CHF is in the process of replacing “Cash for Work” with “Cash for Production,” a new system where workers will be paid for the actual amount of work done, rather than being paid just for showing up. [See our previous series for more on how CFW workers do not always “work.”] CHF hopes the new program will be more efficient.

But…

Even if the program is more efficient in terms of rubble removal from neighborhoods, will it resolve the problems of corruption, sexual exploitation and social conflicts?

Perhaps the bad “mentality” to which Young refers stems from the method of recruitment and the corruption?

Other institutions are using Cash for Work all over the country. Have they found a way to protect people against corruption?

Has the government – which has given organizations like CHF huge latitude to organize high-intensity manual labor programs – found a solution to the dangers of using “cash” in the numerous “emergency” and “development” programs?

And, what kind of long-term effects might these programs – which reinforce paternalistic, “big boss” structures – have on Haitian society?

 

Read more about the Katye program and about CHF International in this story.

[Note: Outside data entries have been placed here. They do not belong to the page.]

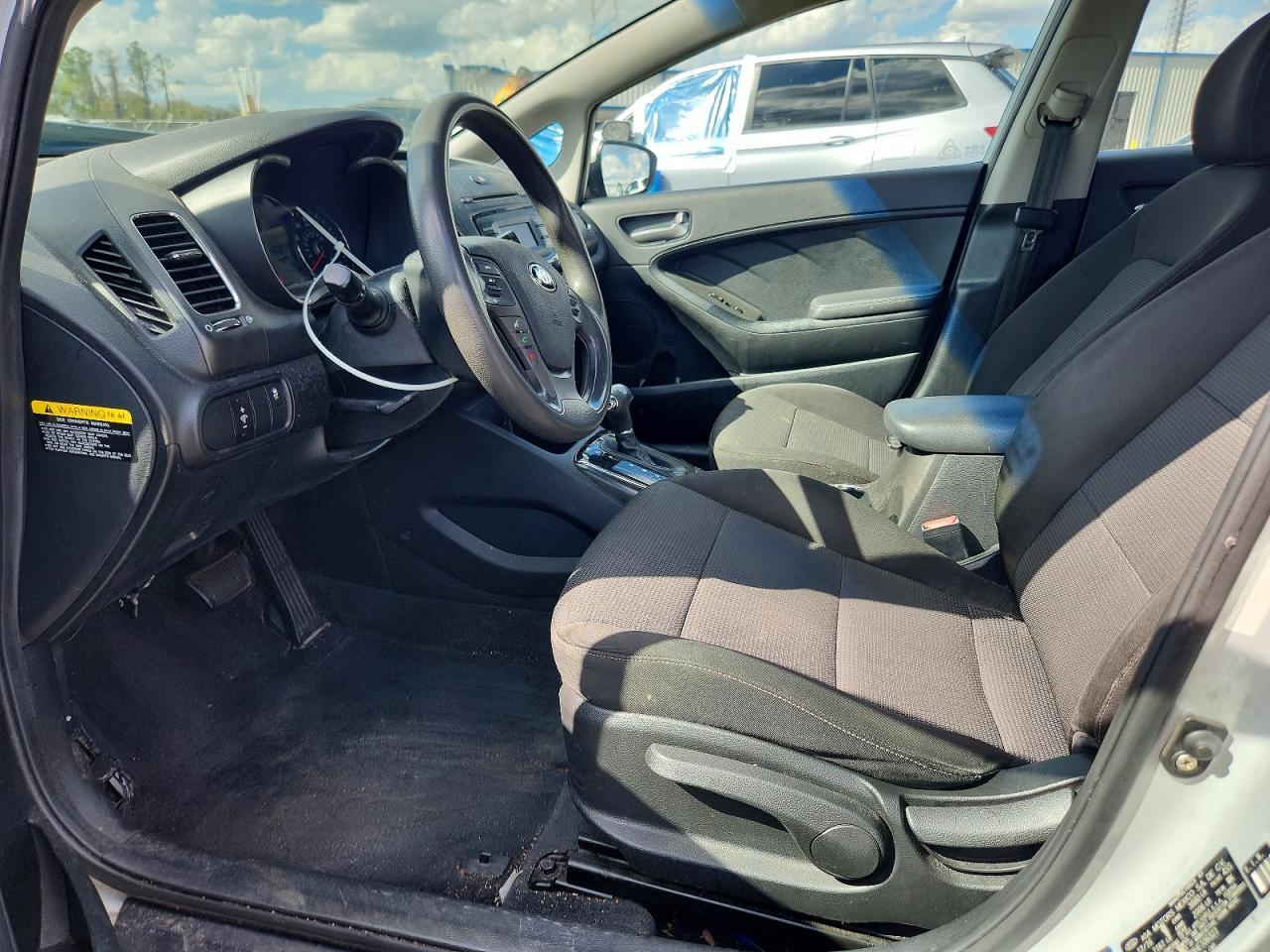 2017 Kia Forte Lx - Фото 7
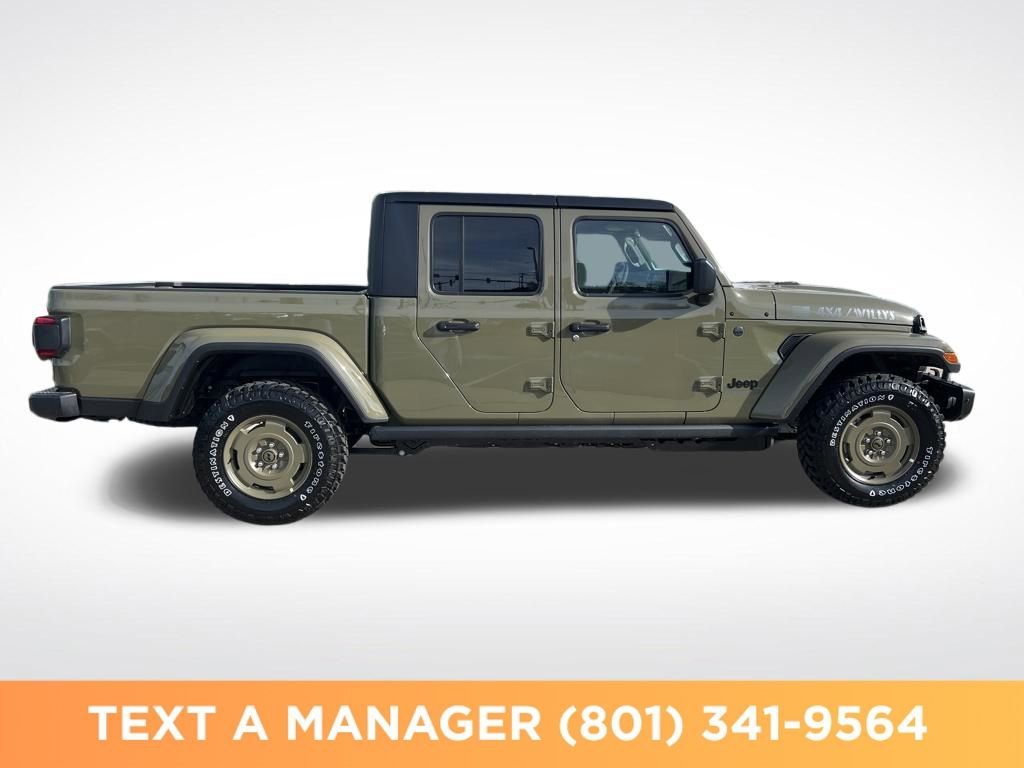 New 2026 Jeep Gladiator Sport image 5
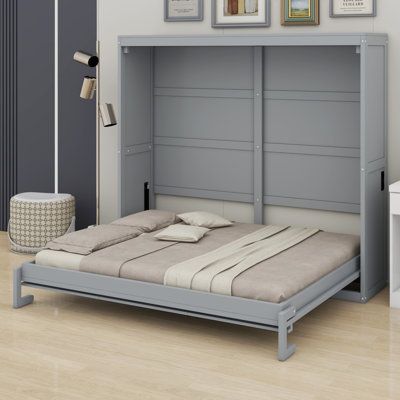 Murphy Bed Cabinet Wall Bed Chest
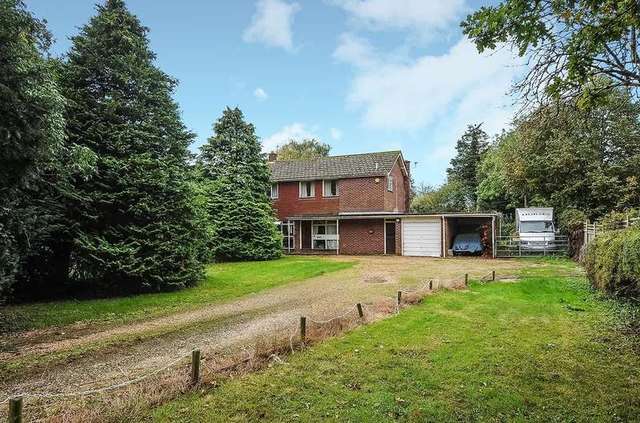  Image of 3 bedroom Detached house for sale in Claypit Lane Westhampnett Chichester PO18 at Claypit Lane  Westhampnett, PO18 0NU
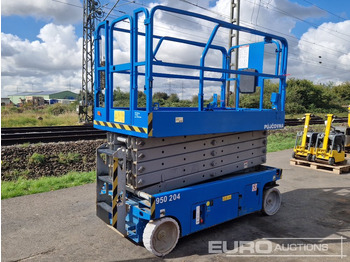 Plataforma elevadora GENIE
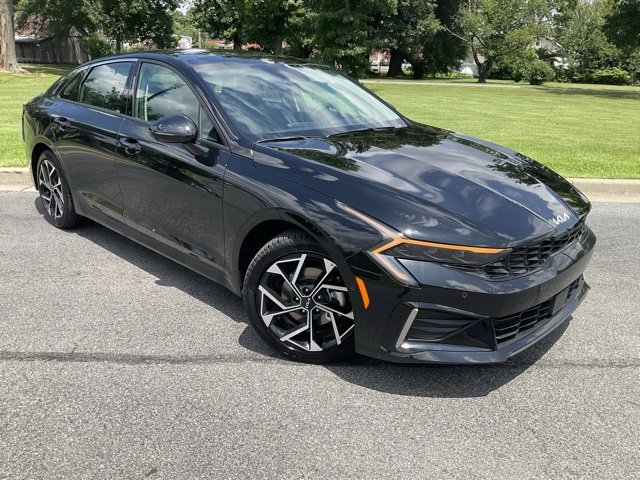 New 2025 Kia K5 EX video 2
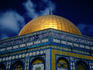 Dome of the Rock, Old City of Jerusalem.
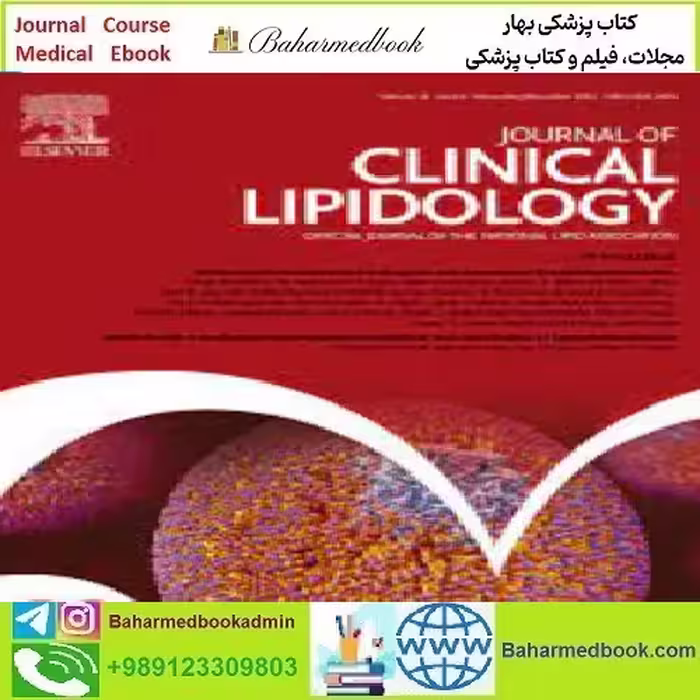 Journal of Clinical Lipidology Volume 16 Issue 1 to 6 2022 TRUE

Read CHF's reaction to this story.

Students from the Journalism Laboratory at the State University of Haiti's Faculty of Human Sciences collaborated on this series. A student from American University's Investigative Reporting Workshop also assisted.

Haiti Grassroots Watch is a partnership of AlterPresse, the Society of the Animation of Social Communication (SAKS), the Network of Women Community Radio Broadcasters (REFRAKA) and community radio stations from the Association of Haitian Community Media.

In order to carry out this study, during a two-month period (March and April, 2011) journalists interviewed 50 beneficiaries in five zones of Ravine Pintade, and 50 people who had not yet benefited from the program, as well as five foremen (the men who choose the workers) and three representatives of CHF International. The journalists also consulted studies and reports from CHF as well as from those published by other organizations concerning Cash for Work.